FILE - In this frame grab from video, Sudanese women rally on the streets of the capital, in Khartoum, Sudan, Sept. 12, 2019.
KHARTOUM, SUDAN - Sudanese citizens have largely embraced the sovereign council’s move to appoint Nemat Abdallah as Sudan’s first female chief justice, a first in the Arab world.
Nemat Abdallah Mohammed Khair’s appointment is monumental not only for Sudan but for all of Africa. She is only the fifth female justice named in Africa, after Ghana, Ethiopia, Seychelles and Lesotho.
Wafa Adam, who works for the local non-governmental organization Siha, which advocates for women’s rights in Sudan, is elated that a woman now holds a top position in the country, something that was unthinkable for decades under former President Omar al-Bashir.
“I am very excited about that and she is going to support the women and she is going to advocate for women and laws. We expect her to support the women movements and the women,” Adam told VOA's South Sudan in Focus.
Adam said Sudan is one of three Muslim countries that has not ratified the Convention on the Elimination of all Forms of Discrimination Against Women (CEDAW). She expects Abdallah to ratify CEDAW and to work to reform Sudanese local laws that oppress women.
“For example, public order law, family law and criminal law and many laws that are not supporting women’s rights, we request her to advocate for reforming those laws,” Adam told VOA.
Israa Dawood, a Sudanese youth who took part in the protests that led to Bashir's ouster, said Abdallah's appointment is historic.
“This is a huge milestone for Sudan and now we are depending on the judiciary so much, so that atrocities committed during the revolution’s period would be brought to book. Abdallah has played a significant role during the revolution and everybody has pushed for her appointment,” Dawood told South Sudan in Focus.

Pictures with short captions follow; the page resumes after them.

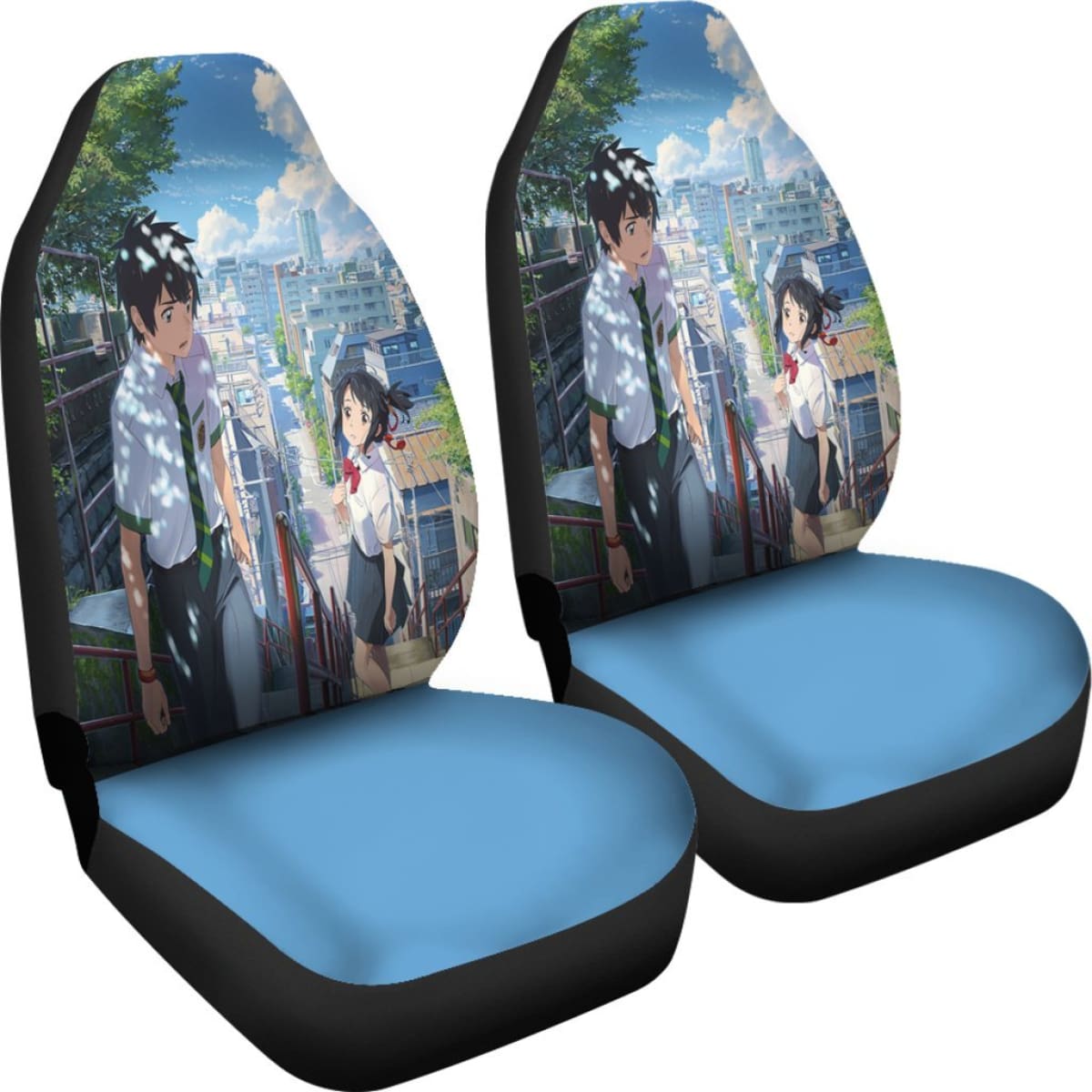 Your Name Poster Seat Covers Amazing Best Gift Ideas 2020 Universal Fit 090505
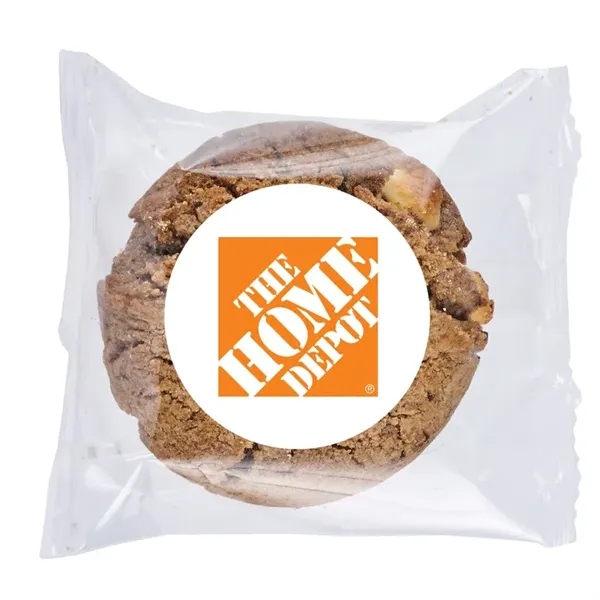 Individually wrapped cookies & cream stuffed cookie. Available in 1.2 oz... from ASI 71685 Midnite Snax®
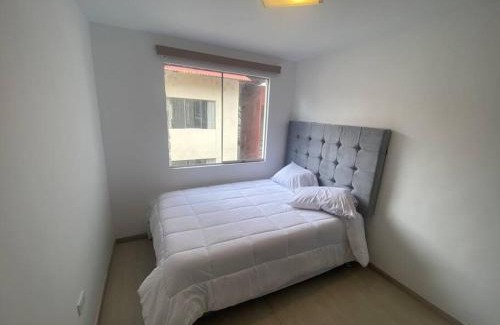 Banos del Inca Apartment | Cajamarca Verde y bonita BI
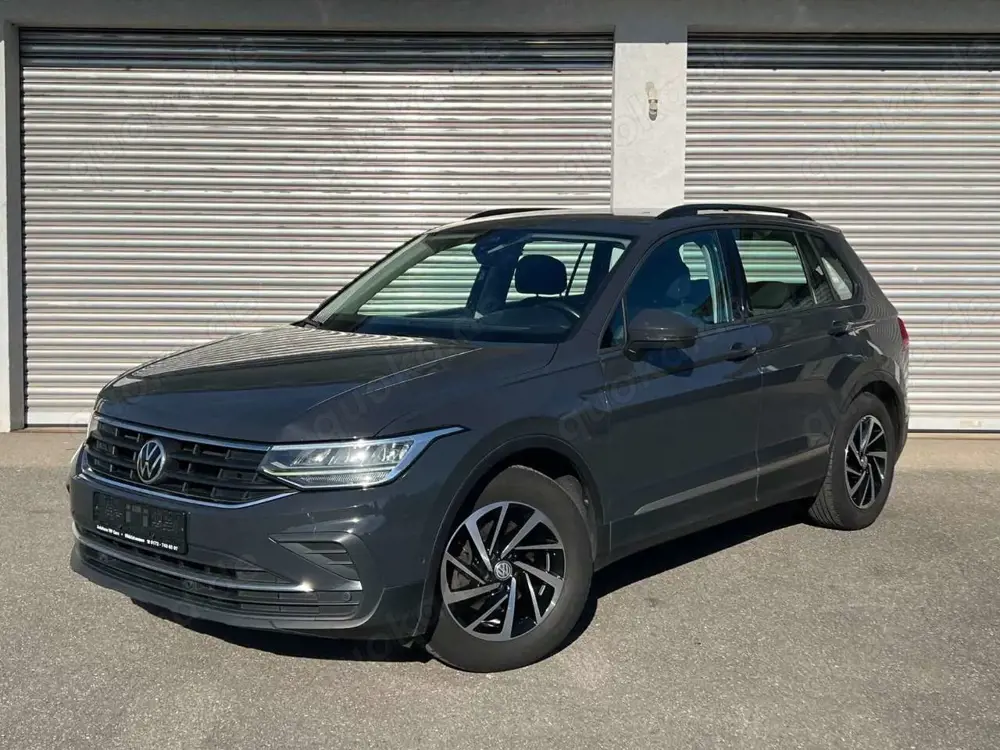 Volkswagen Tiguan 2.0 TDI/Life/Navi/Xen/Kamer/Acc/Spurhalte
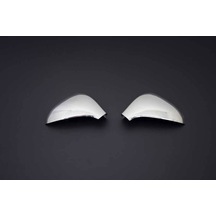 Omsa Peugeot 207 Krom Ayna Kapağı 2 Parça 2006-2012 Arası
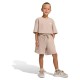 детски,екипи,adidas,originals,loose,waffle,short,t,shirt,set,beige,(stone,khaki)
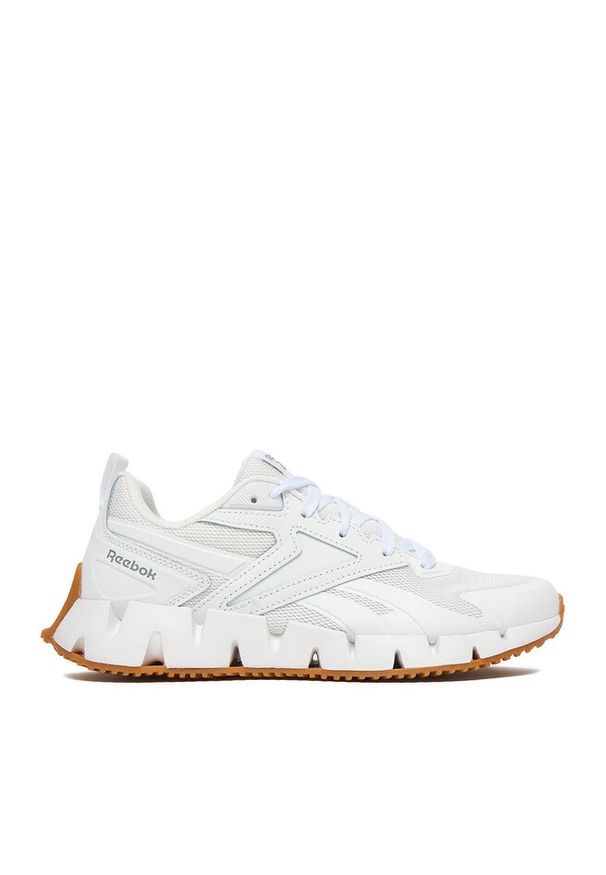 Sneakersy Reebok. Kolor: biały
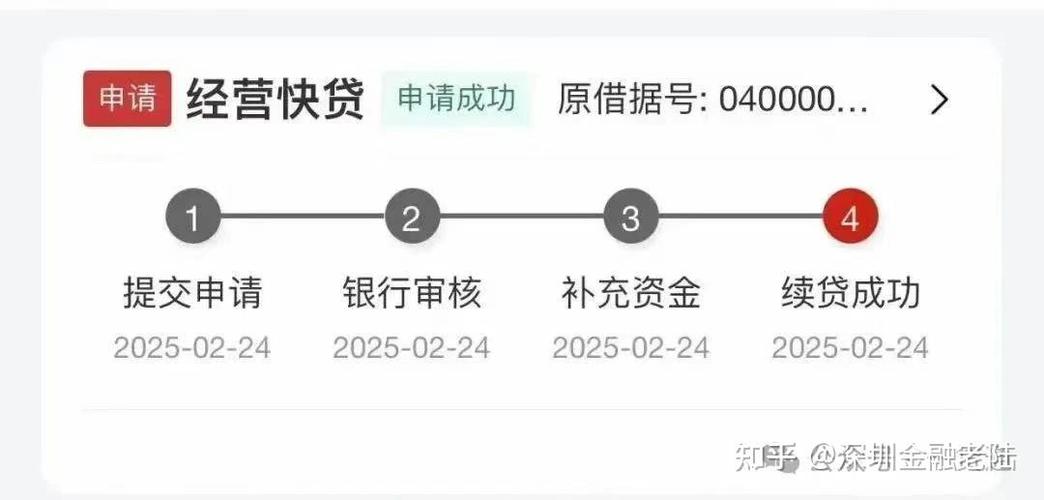 兴闪贷到期如何续贷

Haj Hamad, a political science lecturer at Khartoum University, said Abdallah’s appointment as chief justice proves that the overwhelming number of Sudanese trust women’s leadership skills.
“This is a major breakthrough from earlier policies of a different regime in the country, that providing a reprisal step of women professionals and leaders to occupy such kind of very high ranking and influential post,” Hamad said.
Abdallah was initially nominated as chief justice soon after military leaders and the opposition signed a power-sharing agreement in late August, but Sudan's new executive body, the sovereign council, instead named a man to the post. Public protests led the council to reverse course and appoint her as chief justice on October 10.
Hamad said Abdallah will likely face numerous obstacles during Sudan’s three-year transitional government, but added that the new chief justice will likely stand firm to defend the country’s constitutional declaration and all laws that govern the country.
According to the constitutional document signed on August 17, 2019, the chief justice names the judiciary council.
In addition, the chief justice heads the judiciary and serves as president of the nation's Supreme Court.